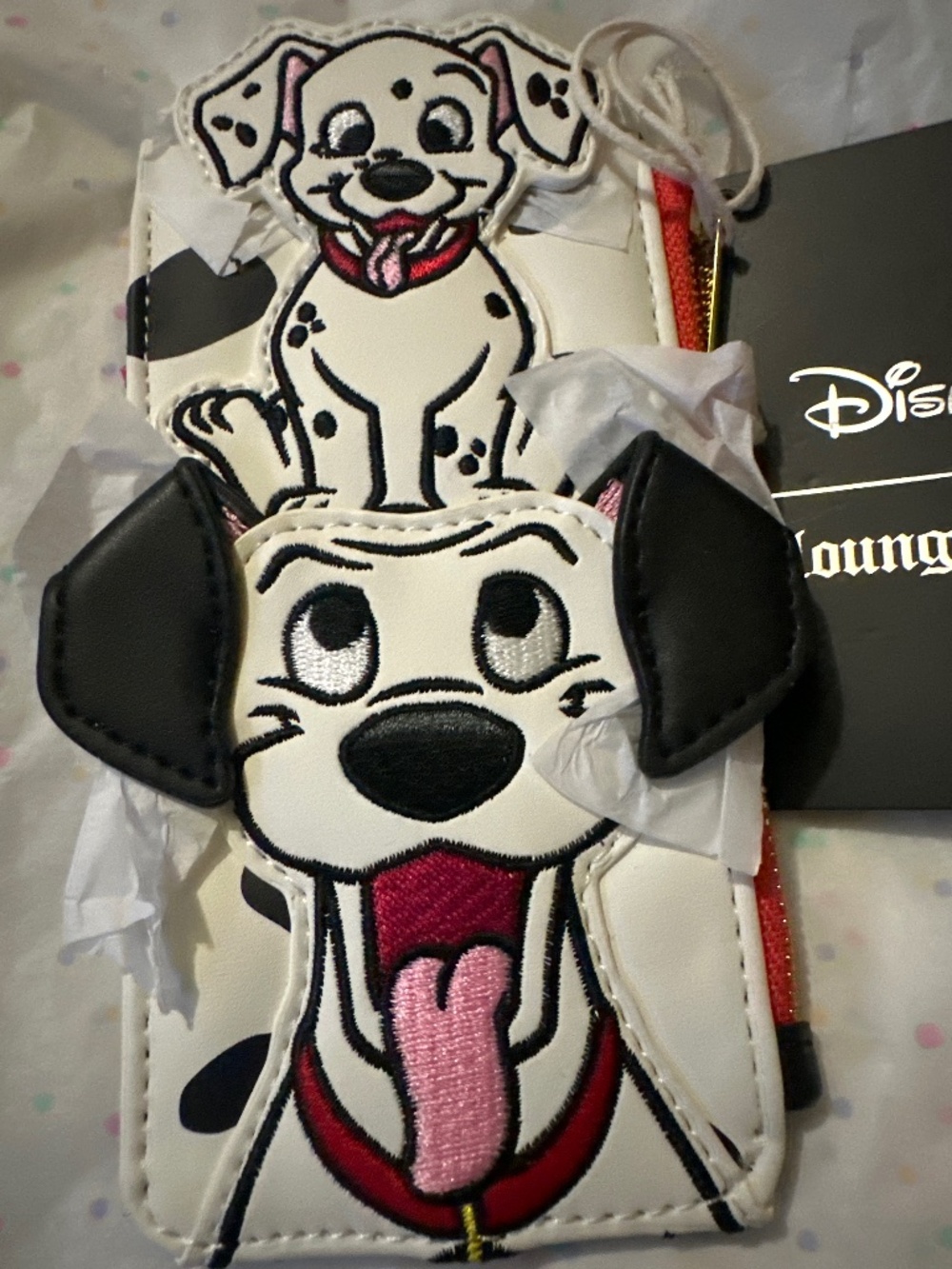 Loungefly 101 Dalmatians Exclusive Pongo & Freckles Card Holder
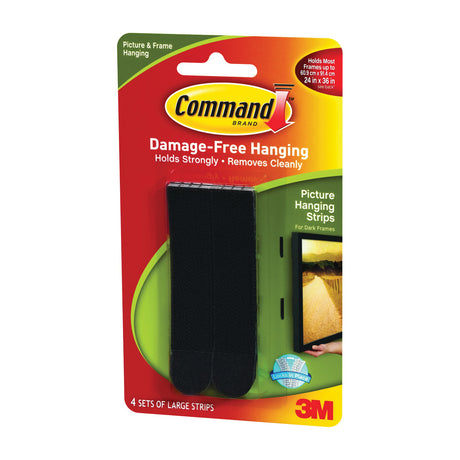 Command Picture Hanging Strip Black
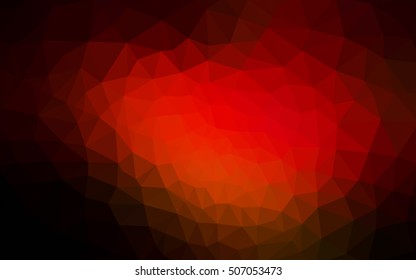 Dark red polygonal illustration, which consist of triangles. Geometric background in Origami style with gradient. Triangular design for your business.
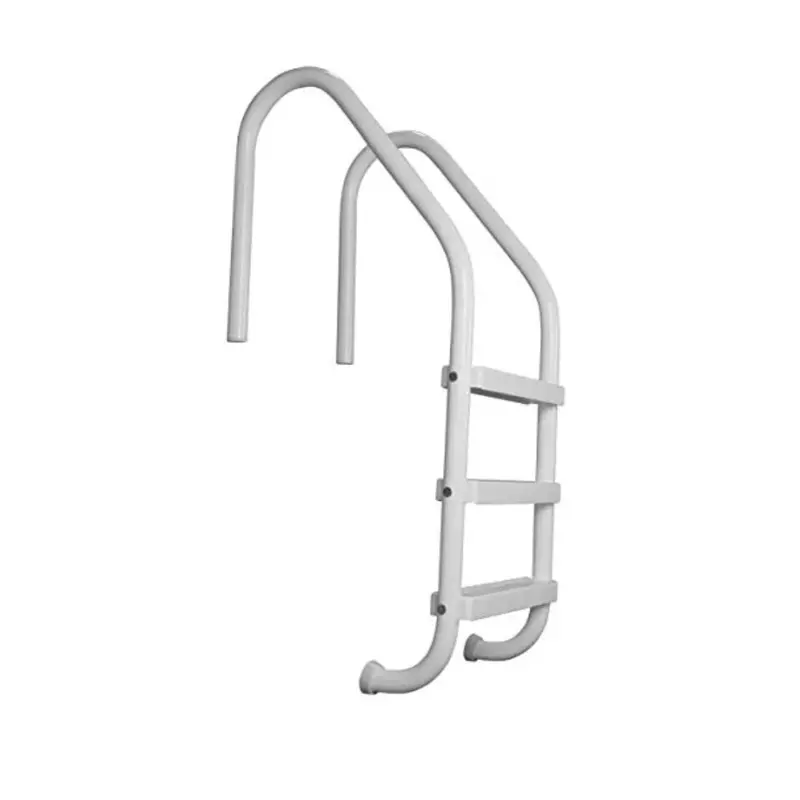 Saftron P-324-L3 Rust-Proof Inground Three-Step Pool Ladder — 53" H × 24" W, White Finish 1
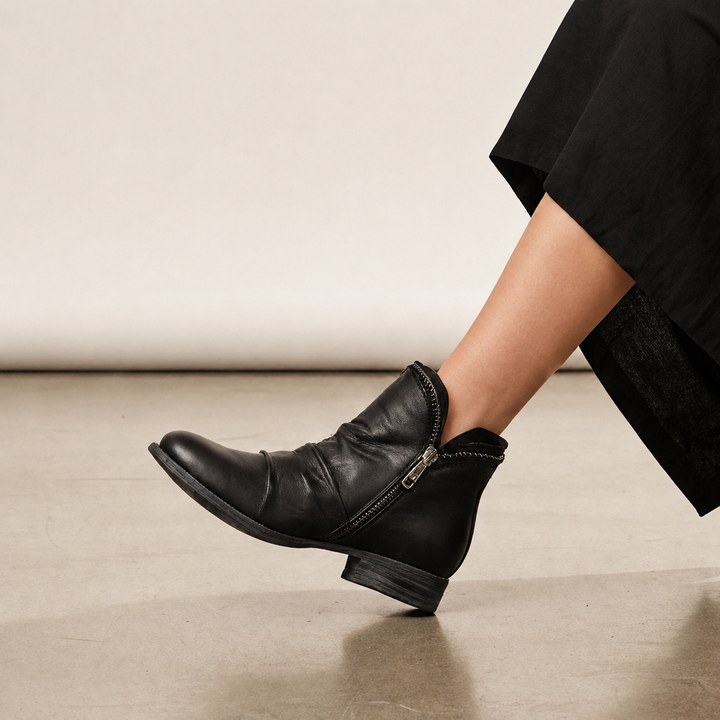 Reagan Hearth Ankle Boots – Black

==

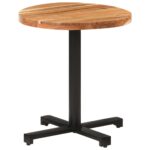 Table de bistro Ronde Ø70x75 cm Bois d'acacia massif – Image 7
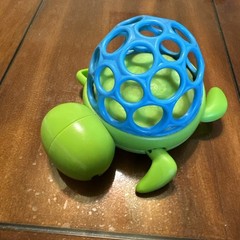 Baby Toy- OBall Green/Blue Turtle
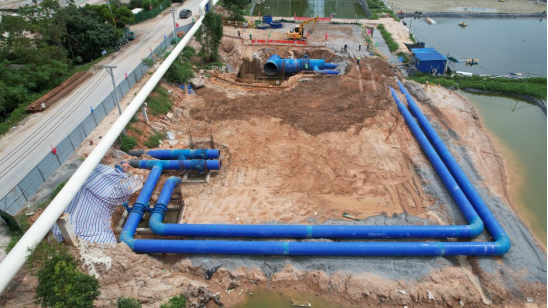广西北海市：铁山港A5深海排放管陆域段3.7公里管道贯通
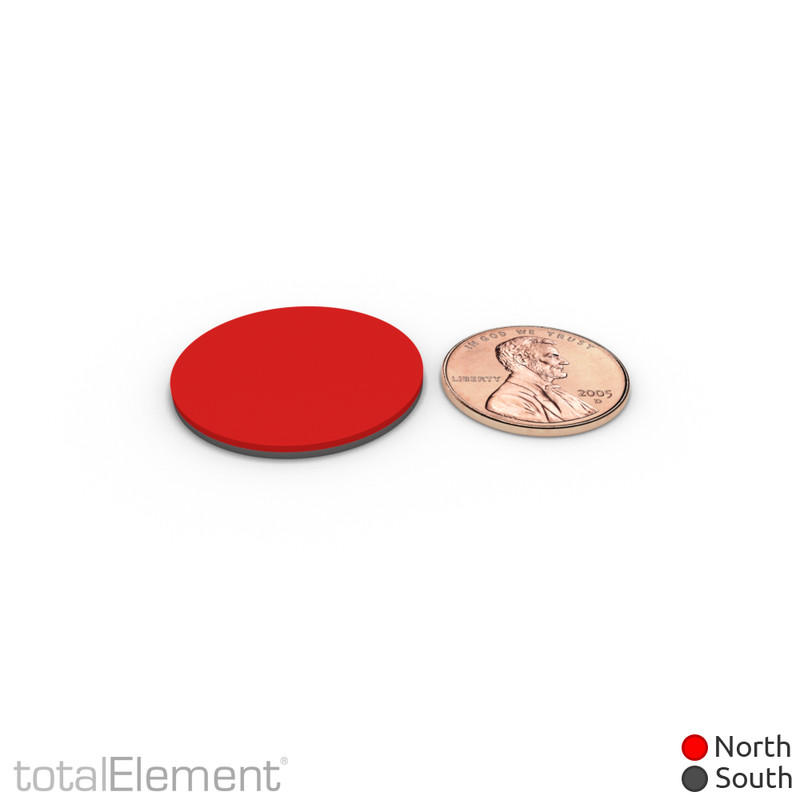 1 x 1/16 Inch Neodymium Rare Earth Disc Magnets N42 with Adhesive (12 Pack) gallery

==

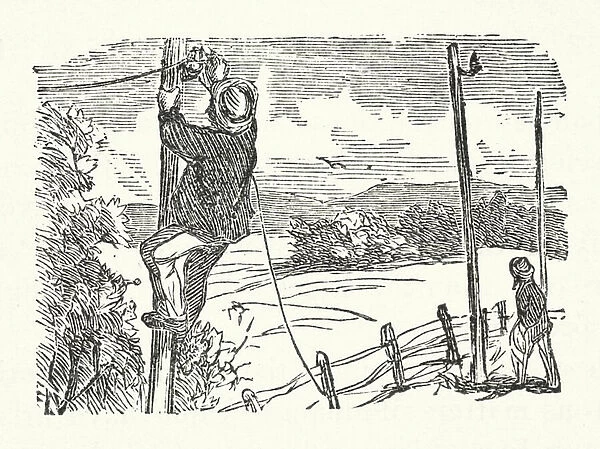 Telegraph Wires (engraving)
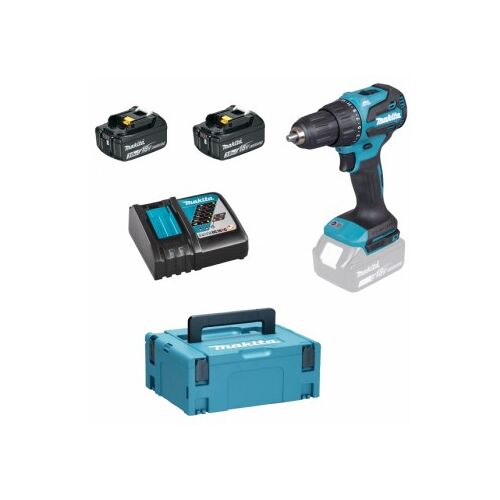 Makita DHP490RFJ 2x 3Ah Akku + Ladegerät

## EXERCISE OBJECTIVE
Go down the entries above from the line containing "Loungefly 101 Dalmatians" to the line containing "Saftron P-324-L3 Rust-Proof" and write out each line exactly, leaving pictures out.

## TASK SOLUTION
 Loungefly 101 Dalmatians Exclusive Pongo & Freckles Card Holder
 Command Picture Hanging Strip Black
 Dark red polygonal illustration, which consist of triangles. Geometric background in Origami style with gradient. Triangular design for your business.
 Saftron P-324-L3 Rust-Proof Inground Three-Step Pool Ladder — 53" H × 24" W, White Finish 1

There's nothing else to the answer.